[Input records]
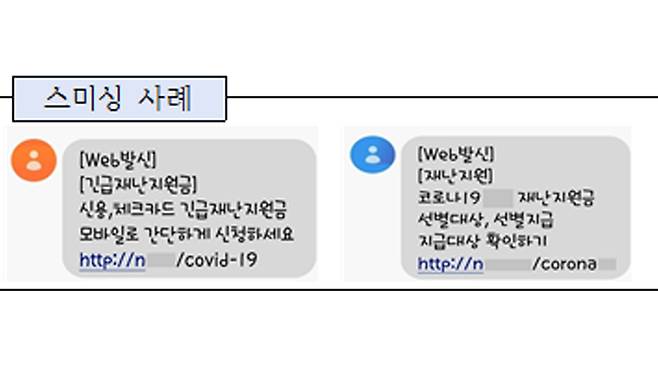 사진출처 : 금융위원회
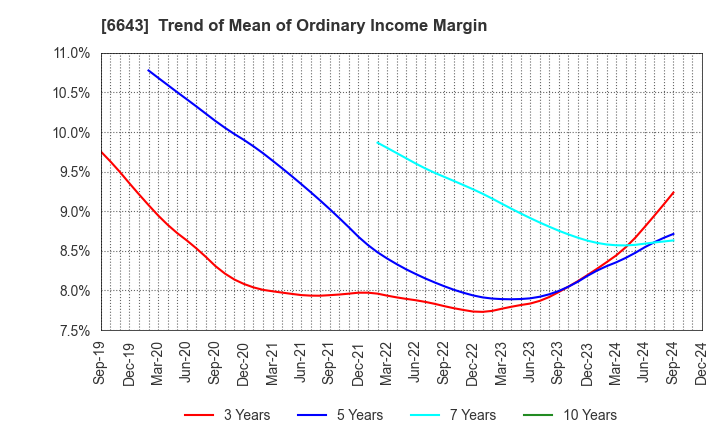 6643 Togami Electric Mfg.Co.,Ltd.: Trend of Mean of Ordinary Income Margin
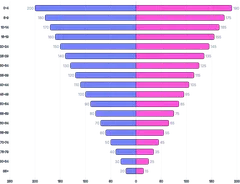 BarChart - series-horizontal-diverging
[/Input records]
[Input records]
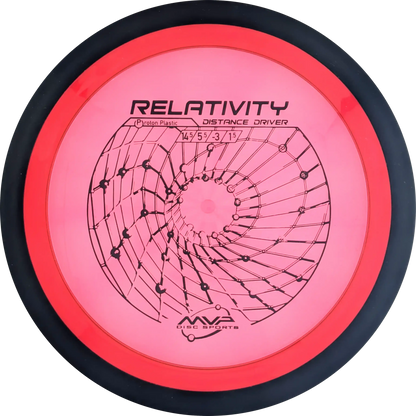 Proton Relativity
[/Input records]
Task description » Your reply is to be an exact repeat of the listing above from the line holding "사진출처 : 금융위원회" down to the line holding "BarChart - series-horizontal-diverging", ends included, pictures excluded.

Reply »
 사진출처 : 금융위원회
 6643 Togami Electric Mfg.Co.,Ltd.: Trend of Mean of Ordinary Income Margin
 BarChart - series-horizontal-diverging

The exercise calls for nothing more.